> _EXERCISE INSTRUCTIONS_
Everything in the listing below needs restating exactly, apart from the pictures.

> _DATA EXTRACT_
%%

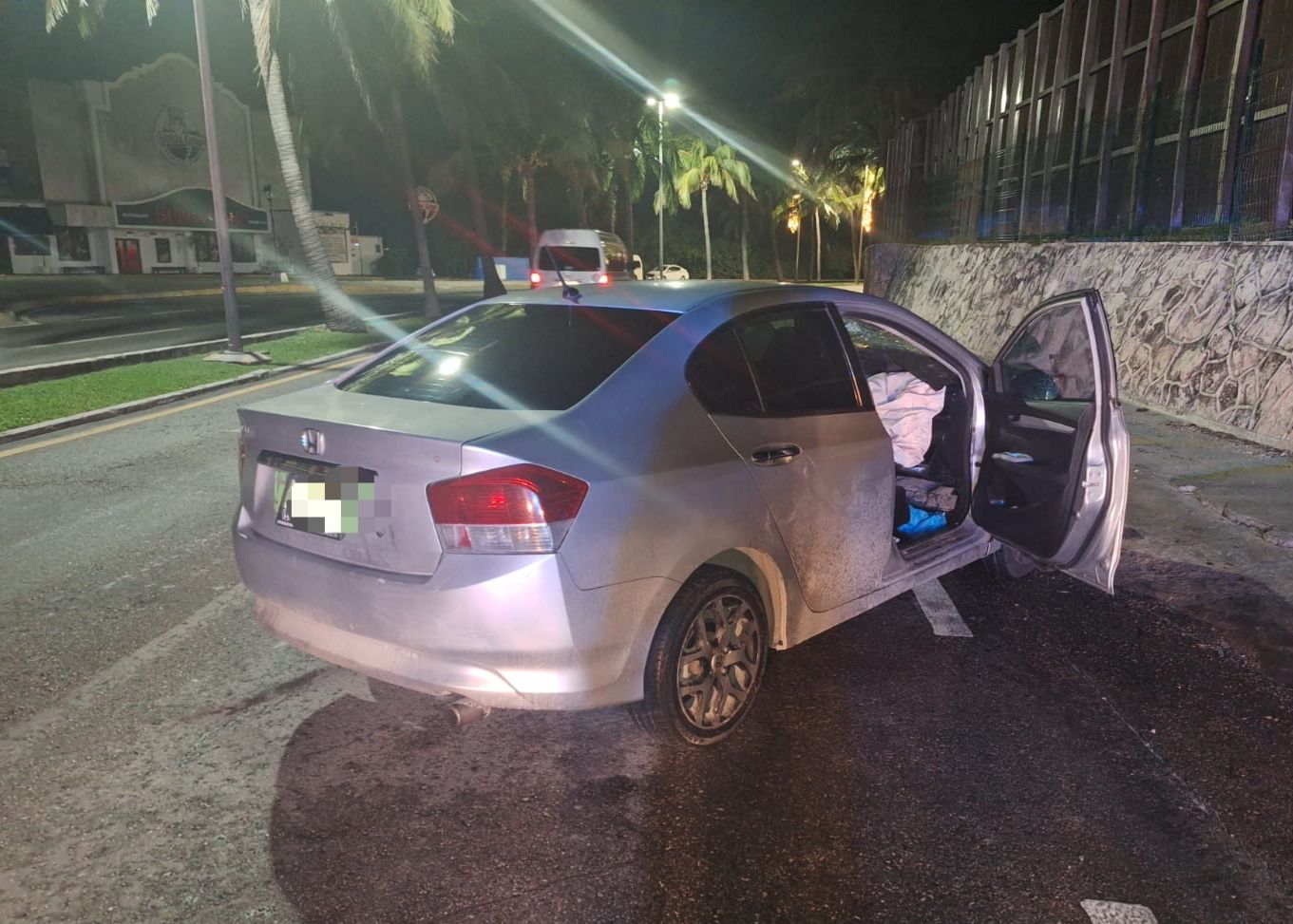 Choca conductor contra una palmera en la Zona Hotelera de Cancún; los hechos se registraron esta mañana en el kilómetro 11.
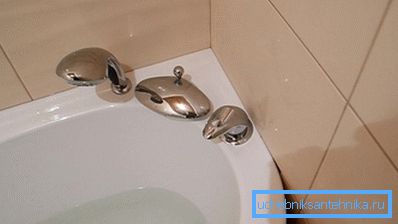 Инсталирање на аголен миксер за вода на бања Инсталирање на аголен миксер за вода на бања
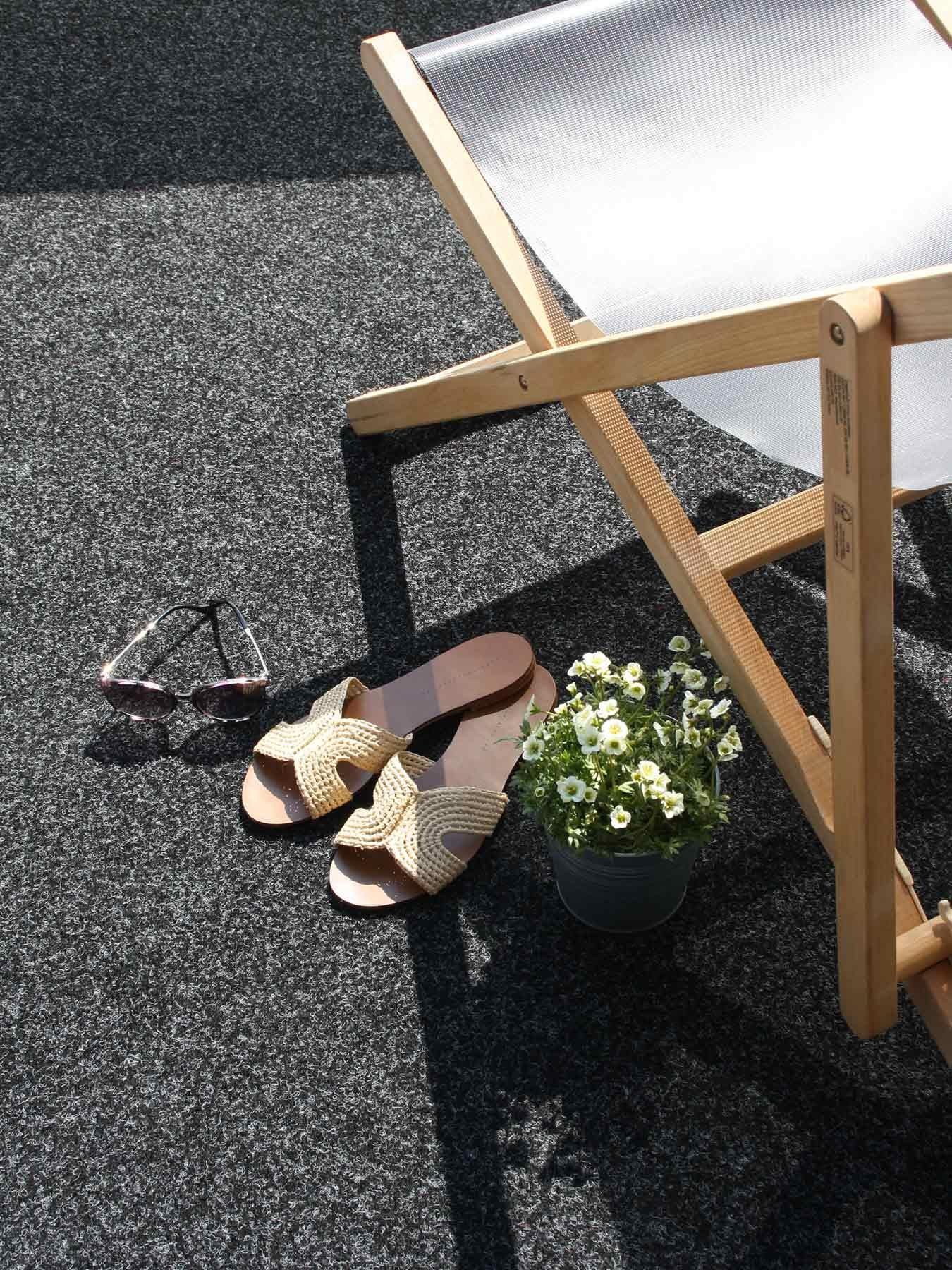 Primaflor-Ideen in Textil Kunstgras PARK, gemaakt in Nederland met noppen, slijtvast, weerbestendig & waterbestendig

%%

> _FINISHED TASK_
 Choca conductor contra una palmera en la Zona Hotelera de Cancún; los hechos se registraron esta mañana en el kilómetro 11.
 Инсталирање на аголен миксер за вода на бања Инсталирање на аголен миксер за вода на бања
 Primaflor-Ideen in Textil Kunstgras PARK, gemaakt in Nederland met noppen, slijtvast, weerbestendig & waterbestendig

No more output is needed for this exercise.